In primary hypogonadism, there is little alternative to TRT, but for secondary cases, other strategies are possible. Clomiphine 37 or Tamoxifen can block the inhibitory effect of oestradiol on pituitary feedback and increase endogenous testosterone production. Both are off-label in men, a considerable problem for GP prescribing and response is less predictable in older men, especially over 50. HCG (Human Chorionic Gonadotrophin) at 5000 units by subcutaneous injection twice to 3 times weekly can be effective but is expensive for long term use 38. There are few published long term studies as to clinical benefits for HCG. Combination therapy with TRT and low dose HCG (500 units twice or 3 times weekly) or Clomiphene can effectively preserve fertility for many men but this is off-label use with little long- term data to support this approach. Unfortunately, such trials, involving these generic products are unlikely to be conducted, due to expense and the limited indications. Sperm storage may be a logical approach before commencing treatment but few patients or physicians consider this, often due to expense and logistic issues. As ED and TD are now widely accepted as independent risk factors for CVD, the next five years is likely to see many more patients presenting for treatment, as the screening recommendations for high-risk patients are implemented, according to evidence-based guidelines. The outcome of studies such as T4DM 35and TRAVERSE 39 is likely to have a considerable impact on future prescribing patterns. As more men with ED are screened and seek treatment and fail to respond to oral therapy in around 50% of cases, many will elect for correction of low/borderline testosterone levels to enhance response to cheaper generic PDE5 inhibitors rather than move to expensive and invasive second-line therapies such as intra-cavernosal injection 12. As the patents for testosterone gel preparations expire in the next 12-18 months, these savings will become even more relevant.

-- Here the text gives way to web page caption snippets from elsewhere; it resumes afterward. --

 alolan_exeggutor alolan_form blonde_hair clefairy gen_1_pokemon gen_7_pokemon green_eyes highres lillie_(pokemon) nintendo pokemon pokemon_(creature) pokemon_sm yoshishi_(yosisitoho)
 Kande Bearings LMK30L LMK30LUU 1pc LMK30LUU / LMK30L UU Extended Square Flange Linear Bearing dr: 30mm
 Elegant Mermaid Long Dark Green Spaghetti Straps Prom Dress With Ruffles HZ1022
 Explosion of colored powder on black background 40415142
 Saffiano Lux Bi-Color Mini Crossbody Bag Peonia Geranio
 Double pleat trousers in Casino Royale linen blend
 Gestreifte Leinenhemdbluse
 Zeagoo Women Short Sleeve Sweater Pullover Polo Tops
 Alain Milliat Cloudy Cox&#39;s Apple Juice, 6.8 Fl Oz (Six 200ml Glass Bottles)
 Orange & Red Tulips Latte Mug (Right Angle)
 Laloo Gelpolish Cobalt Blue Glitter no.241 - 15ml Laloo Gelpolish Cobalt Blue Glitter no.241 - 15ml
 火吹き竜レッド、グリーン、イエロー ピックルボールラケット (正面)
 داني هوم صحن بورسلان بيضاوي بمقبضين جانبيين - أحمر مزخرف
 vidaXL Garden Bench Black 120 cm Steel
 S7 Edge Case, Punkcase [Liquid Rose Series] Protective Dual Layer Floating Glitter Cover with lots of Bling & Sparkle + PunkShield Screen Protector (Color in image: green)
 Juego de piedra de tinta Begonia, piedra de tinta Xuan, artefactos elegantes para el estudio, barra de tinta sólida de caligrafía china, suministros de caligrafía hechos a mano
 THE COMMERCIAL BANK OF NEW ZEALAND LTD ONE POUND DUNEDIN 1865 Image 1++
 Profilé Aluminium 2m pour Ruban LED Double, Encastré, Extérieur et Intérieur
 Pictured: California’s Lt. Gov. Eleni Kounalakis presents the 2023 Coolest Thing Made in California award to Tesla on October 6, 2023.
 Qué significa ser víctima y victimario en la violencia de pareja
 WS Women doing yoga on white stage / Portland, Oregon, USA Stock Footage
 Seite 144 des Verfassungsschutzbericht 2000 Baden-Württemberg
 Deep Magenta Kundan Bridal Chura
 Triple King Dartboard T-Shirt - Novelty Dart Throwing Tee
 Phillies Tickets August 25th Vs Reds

Novel products are in development to meet these unmet needs. A new oral testosterone formulation is under development 40. This is likely to prove more acceptable than current formulations, either alone or in combinations.
A testosterone nasal spray is currently licensed in North America and shortly likely to be licensed in Europe. This requires twice-daily administration and may be acceptable to many men either alone or in combination with other TRT. The major advantage is the prompt onset of action and the lack of LH/FSH suppression 41.
A long-acting oral Aromatase Inhibitor (AI) is under-development and could represent considerable advantages in blocking the conversion of testosterone to oestrogen, thus increasing endogenous levels. This has the potential to preserve fertility and reduce visceral adiposity, but monitoring will be required as a reduction of oestradiol might potentially increase the risk of osteopenia in the long term 42.
Enclomiphine (a mixture of 2 isomers of clomiphene) has been under development for several years, targeting the treatment of men with secondary hypogonadism wishing to preserve fertility. This might be useful for younger obese men wishing to preserve fertility, either alone or in combination with existing therapies 43.